Friday, October 16, 2009

Checking on TED

The TED Spread has calmed down. It now sits at about 25 basis points (bps), well below the 100 bps level that triggers alarm in the credit markets, and miles below the 500 basis points that it was a year ago.

I keep hearing people talk about hitting the bottom of this recession, and the bounce back that is happening. Fortunately, here in Austin, Texas, things never got as bad as they did in other parts of the country, like Detroit, or other parts of the world, like Iceland. I guess all economies, like politics, are local. Except when they're global.

As we near the end of the 2009 Atlantic hurricane season, it's hard to know if the storm has blown over, or if we're just sitting in the eye. As I wrote in this post, I keep thinking that confidence has a lot to do with our situation. If people feel like we are in a crisis, we will act like it, which will hasten the crisis, and a vicious circle begins. If we don't, then consumer spending and reasonable saving will continue, and we will avoid, or at least postpone, a crisis.

Either way, there are some fundamental personal risk management strategies we should all consider, such as eliminating all consumer debt, securing a long-term mortgage at a low fixed rate (a great hedge against inflation or hyperinflation), reasonable, though not excessive, cash reserves, retirement funds largely invested in Treasury issued Inflation Protected bonds (TIPS), and perhaps a modest amount in private equities, like stocks. The very best investment, though, is investment in our own personal health and knowledge, so that we can roll with the punches, adapt to whatever becomes the new working environment, and be happy doing it until we keel over, if need be, because there may be no such thing as "retirement" anymore, if the second wave of the storm is lurking.

Sunday, April 5, 2009

Hello, Goodbye

We finally closed on the sale of our old home, and concurrently closed on the purchase of our new one. It took 8 weeks and 11 weeks, respectively, after approval. This was one of those Scenes from the Recession moments. Well, not moments- more like months. And we were the lucky ones.

Our old home was beautiful, less than 5 years old, and sitting on a half-acre, less than 15 minutes from downtown Austin, one of the hottest metros in the country. We listed it on the MLS through one of those DIY, flat-fee listing services, and it took four months to get an offer, more than double the "average" time on market (at least in days past; the average is skewing longer now). Our home was custom-built, weird configuration, so there were not any real comps, which contributed to the longer time on market. But, after the offer, it still took TWO MONTHS to close, and that despite the fact that our buyers had 10% down, strong credit, and affluent co-signers (their parents, who run successful businesses).

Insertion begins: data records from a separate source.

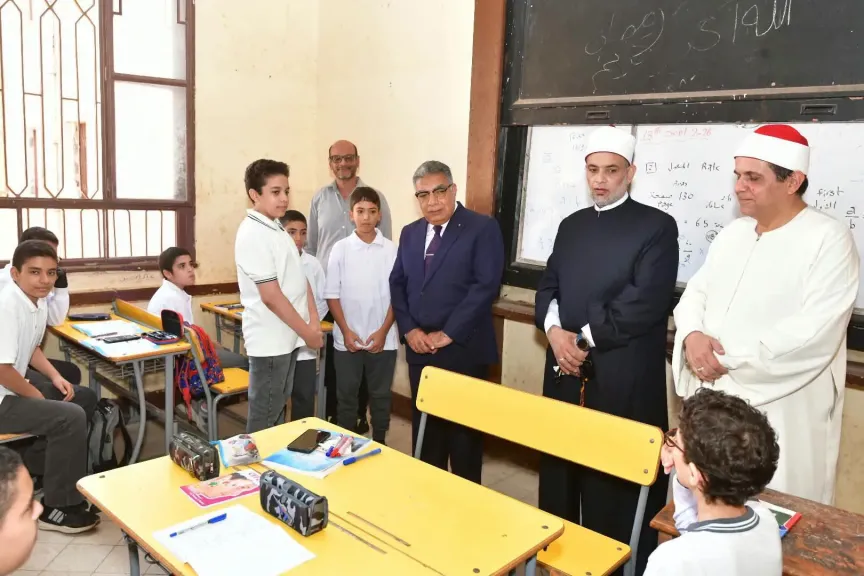 محافظ الدقهلية خلال الزيارة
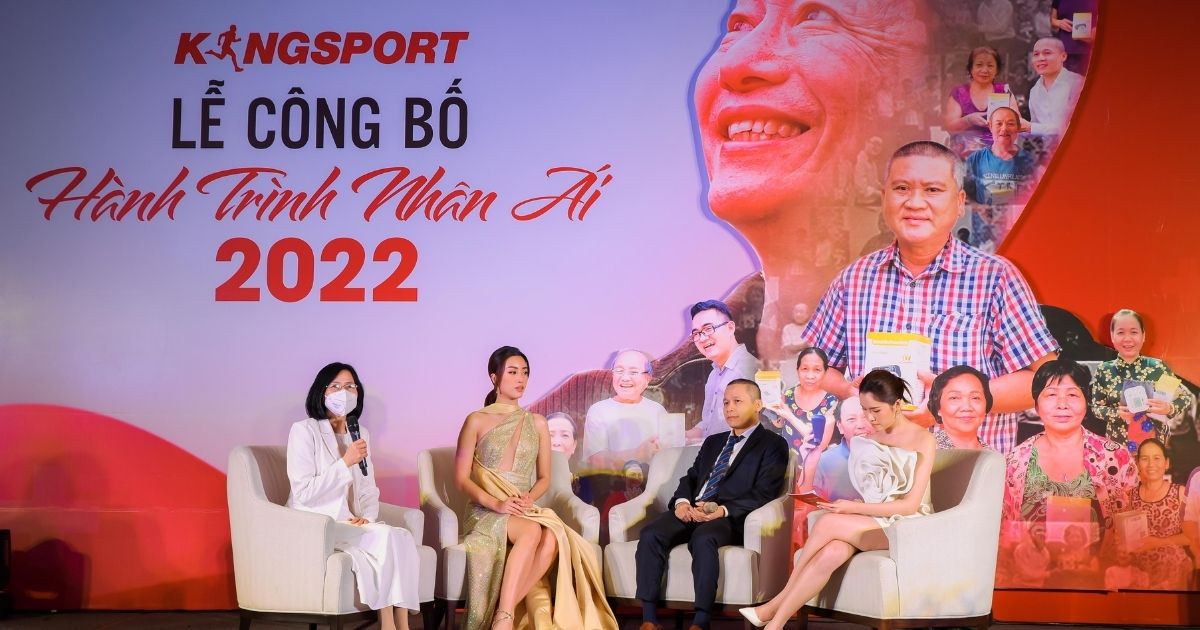 Hành trình nhân ái 2022: KingSport trao tặng 40.000 may đo huyết áp cho người cao tuổi Việt Nam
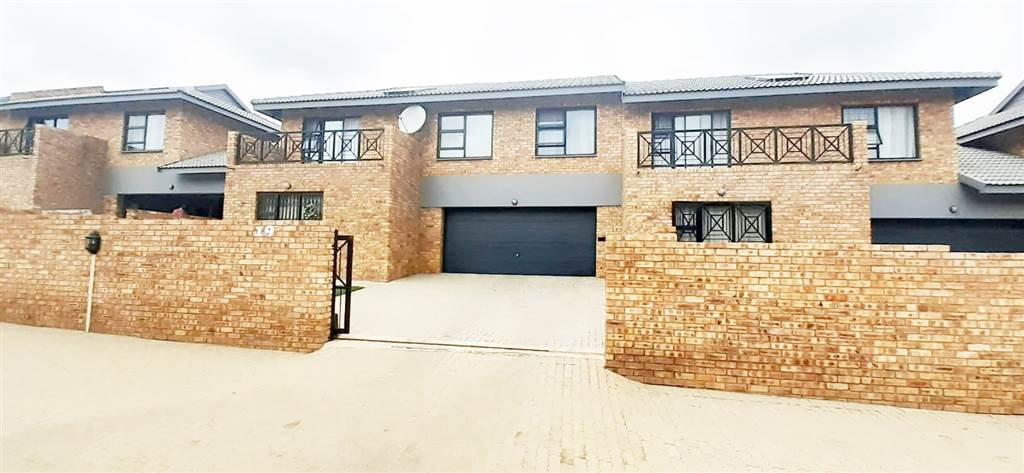 4 Bed Townhouse in Ruimsig photo number 1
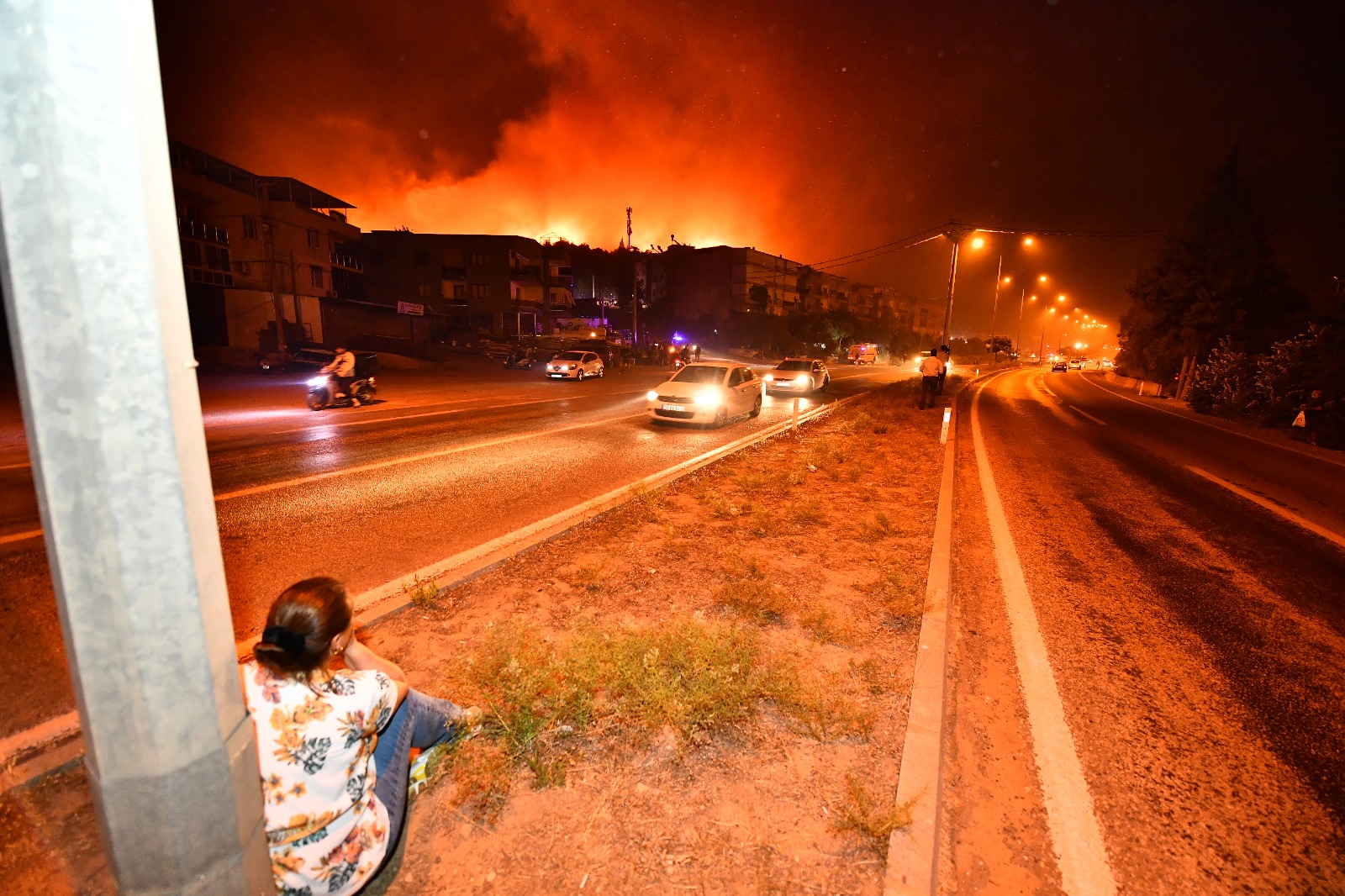 İzmir Büyükşehir Belediyesi ile çevre illerden gelen itfaiye ekipleri Seferihisar'da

The closing kept getting pushed back due to piddly demands from lenders to produce this documentation or that documentation, then rejecting the loan at the last minute, forcing the lenders to shop at multiple lenders for the loan, after having been pre-approved.

"This is normal," their agent explained to us, wearily. "The housing market is fine here in Austin," he said. "But nobody can get loans." So supply is high, and demand is high, but the loans are scarce. Houses are sitting longer on the market, simply because lenders are too nervous to turn loose of the money to anyone but the highest-quality buyers, on the best-quality homes.

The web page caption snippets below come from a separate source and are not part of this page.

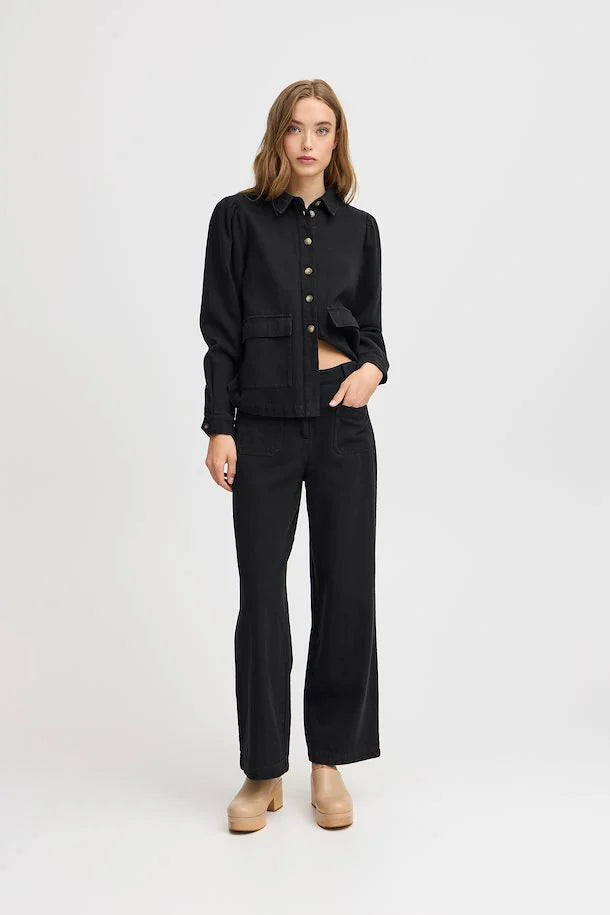 The IRkunis Trouser from Atelier Reve is super chic. This regular fit , straight leg trouser is in a texture jean like fabric. The rise is high with a zip front and single button to fasten. There are patch pockets on the front and faux back pockets for a great fit over the bottom. The perfect winter trouser.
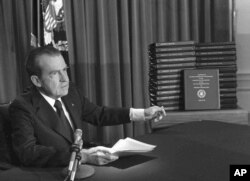 (ARŞİV) 29 Nisan 1974 - Eski Başkan Richard Nixon, Beyaz Saray teyp kayıtlarının dökümlerine eliyle işaret ediyor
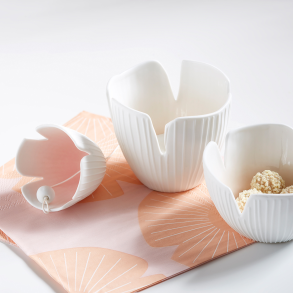 Dekoration l Hngende dekoration l Blomst l Rose l Lilly l Rder l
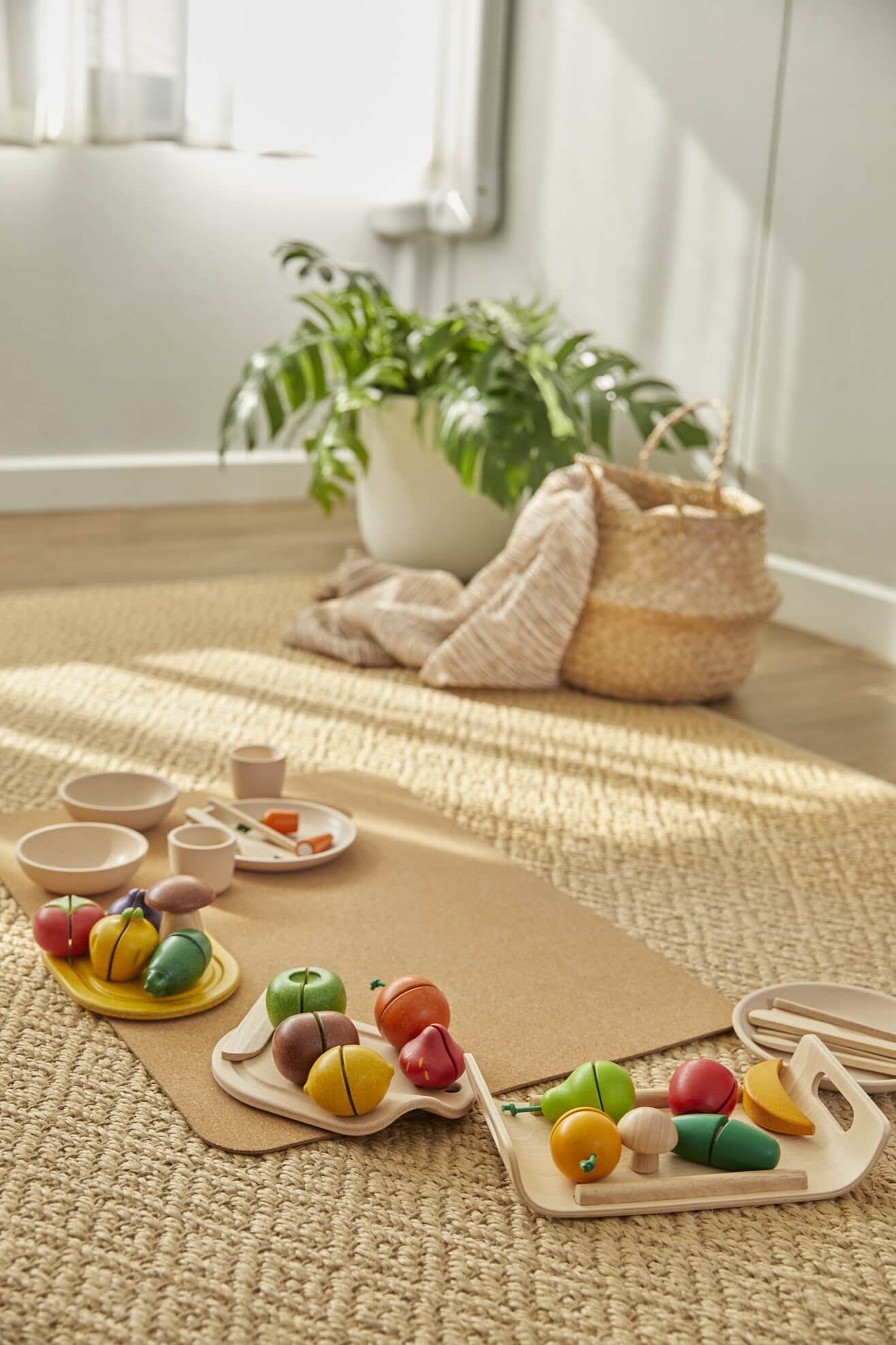 PlanToys Lernfrüchte Schneidebrett Obst schneiden - Heldenspielzeug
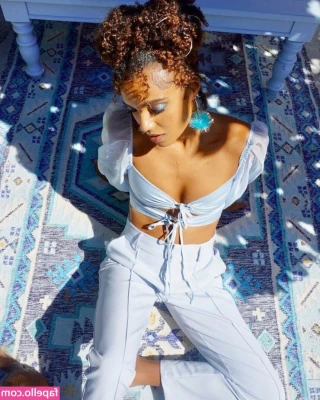 Maisie Richardson-Sellers [ maisie-richardson-sellers ] - I love stroking massive dildos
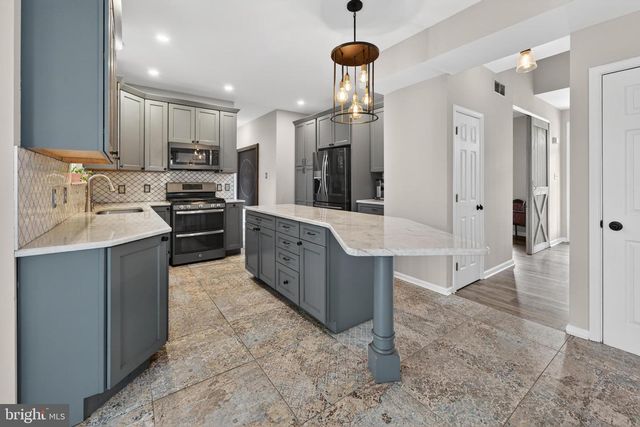 375 FRIENDSHIP RD, Clarksboro, NJ 08020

After breathing a sigh of relief when our deal finally closed, we then faced the exact same problem for the house we were buying: we had been pre-approved long ago, had 20% cash down payment, no debt (literally), good savings, and plenty of income. What's more, our house was a steal, a foreclosure flip that we had been pursuing for months. Because ours had liens against it, we had to wait to close, but even then, the date kept getting pushed back due to underwriting nit-picking.

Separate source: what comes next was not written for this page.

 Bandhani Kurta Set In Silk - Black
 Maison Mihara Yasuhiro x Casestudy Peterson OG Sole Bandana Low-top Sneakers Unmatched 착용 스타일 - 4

It's good that lenders are being more careful, and it's good that loan money is flowing, even if it takes a lot longer to turn on the spigot. But had we not been in such a good financial position, carrying two mortgages for a few months could have been financial death. For sellers who are relocating for their job, carrying two mortgages is common.

So what has been the real-world effect of bank bailouts? Maybe I should have applied for my loan at Bank of Curtis.

Monday, January 19, 2009

New year, new hope... uh, right?

I took a hiatus from all the depressing financial news that I was hearing and promulgating on this blog, hoping that the Christmas spirit, Obama's inauguration, and a little time would help us crawl out of our economic hole.

Not so much.

I mean, the weird thing is that some economic indicators, like the TED spread, and commercial paper (very, very short-term loans to businesses) are starting to look more favorable lately. In Austin, even the housing market is fairly strong, at least for used houses. But other events point in the opposite direction:
  • foreclosures in the prime California market are up 81% from last year, 225% from 2006;
  • major employers are shedding jobs (this is an international phenomenon);
  • shipping rates are zero!

I am not exactly sure what to make of this, but I continue to be amazed by the number of people who claim each week that we have "officially hit bottom". I think we're a long way from bottom.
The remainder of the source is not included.